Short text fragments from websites
════

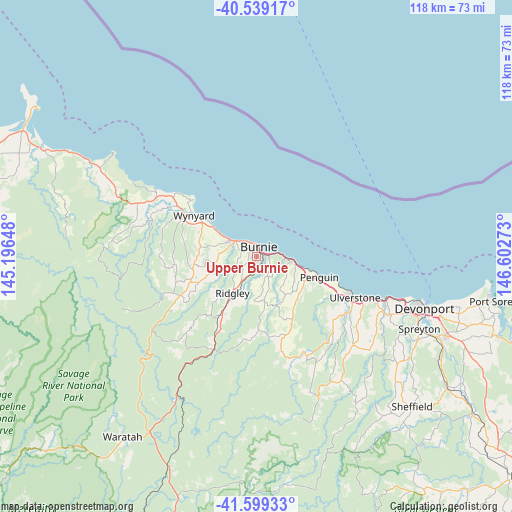Upper Burnie on map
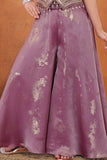Girls Lavender Embroidered Palazzo Set With Dupatta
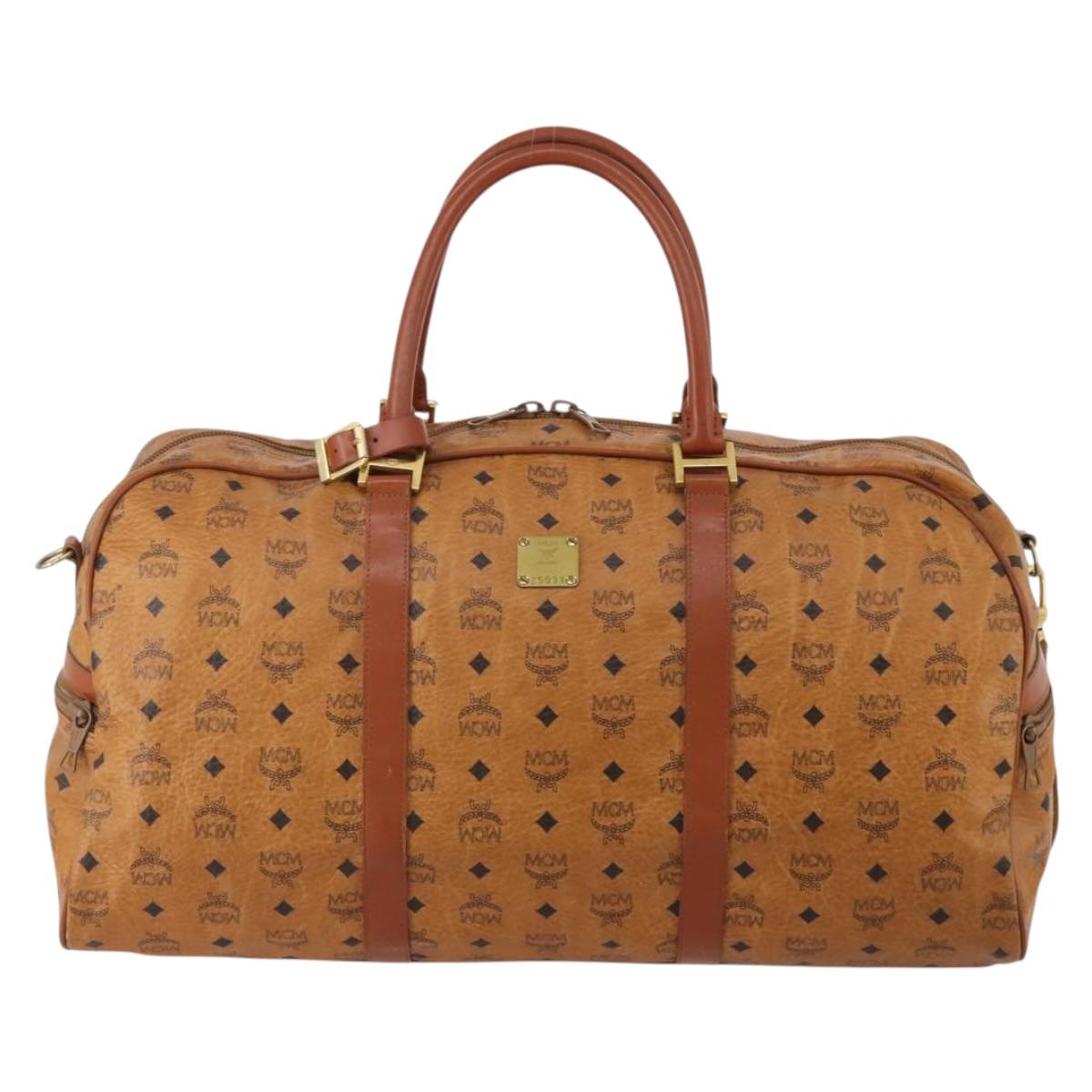 MCM Vicetos Boston Bag PVC Leather 2way Brown Gold Tone Auth 200204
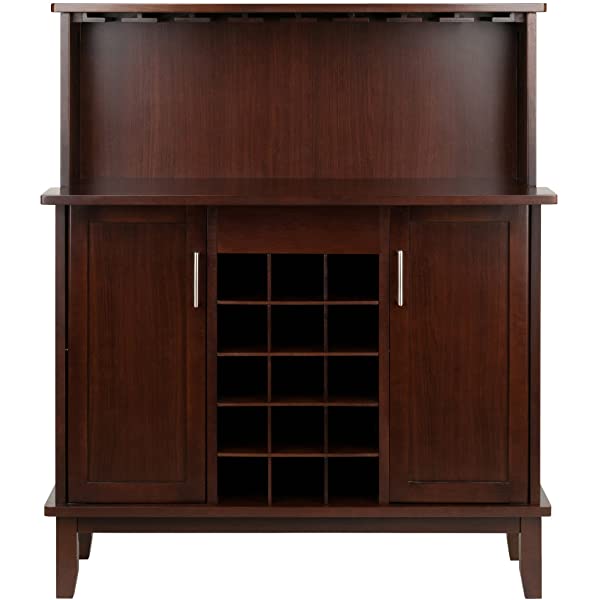 Winsome Beynac Bar Cappuccino Wine Cabinet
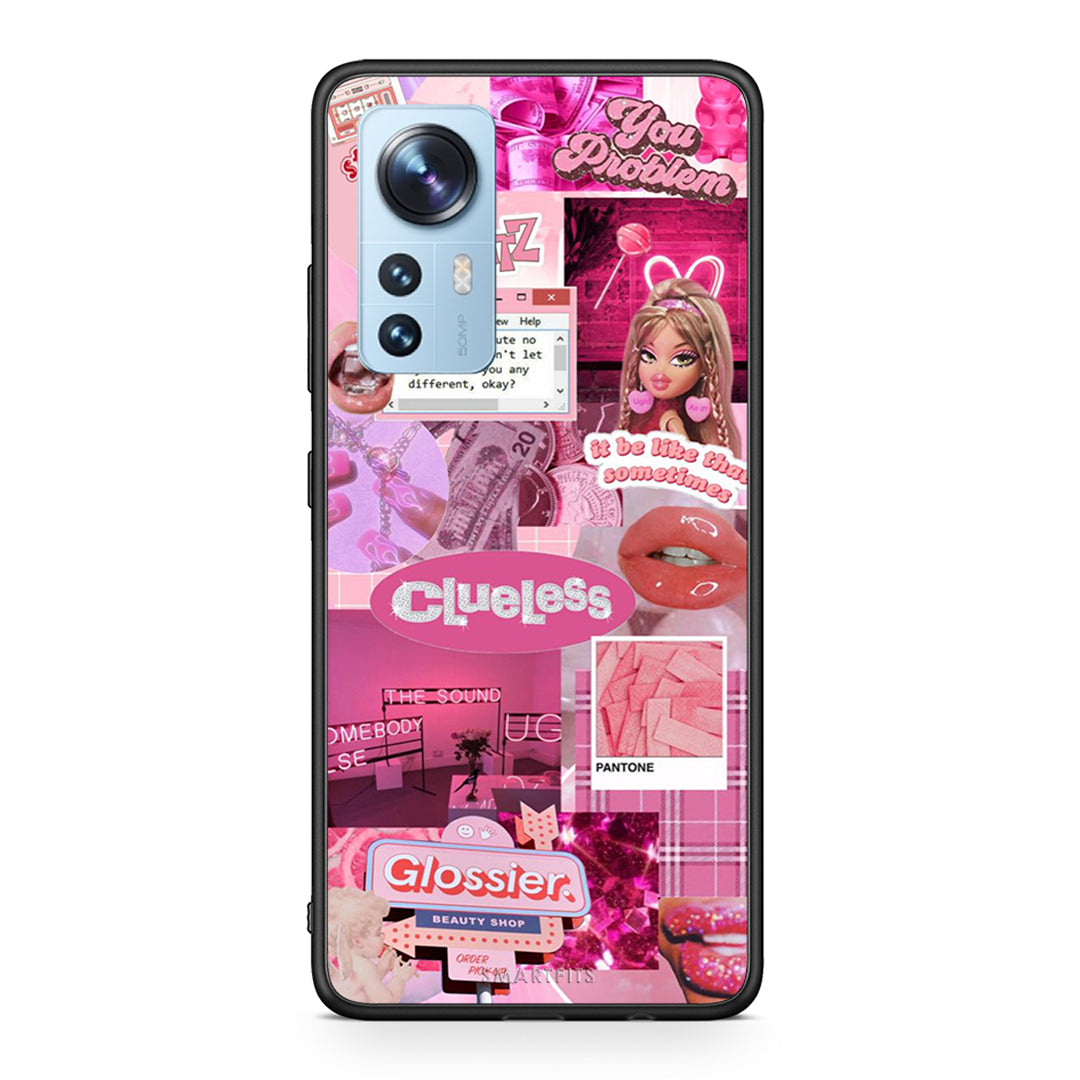 Xiaomi 12 / 12X 5G Pink Love Θήκη Αγίου Βαλεντίνου από τη Smartfits με σχέδιο στο πίσω μέρος και μαύρο περίβλημα | Smartphone case with colorful back and black bezels by Smartfits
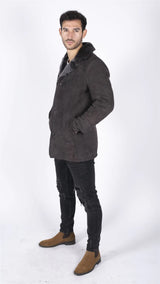 Casaco masculino de pele de carneiro genuína marrom vintage clássico 3/4 com botões e decote em V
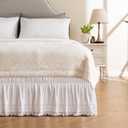 MIYE Wrap Around Ruffled Lace Bed Skirt, Elastic Dust Ruffle with Adjustable Belts, Easy to Put On, Bed Frame Cover, Machine Washable (Tassel Ruffle/White, Full/Twin-18 Drop)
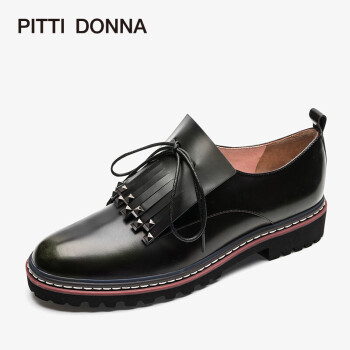 PITTI DONNA 新款女鞋时尚休闲圆头流苏系带低跟女单鞋PD 9T23602 绿色 GNB 37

════

Work to complete - Please retype only the lines from the line that holds "Casaco masculino de" through the end of the records, exactly as they stand, and drop every picture.

Output below -
 Casaco masculino de pele de carneiro genuína marrom vintage clássico 3/4 com botões e decote em V
 MIYE Wrap Around Ruffled Lace Bed Skirt, Elastic Dust Ruffle with Adjustable Belts, Easy to Put On, Bed Frame Cover, Machine Washable (Tassel Ruffle/White, Full/Twin-18 Drop)
 PITTI DONNA 新款女鞋时尚休闲圆头流苏系带低跟女单鞋PD 9T23602 绿色 GNB 37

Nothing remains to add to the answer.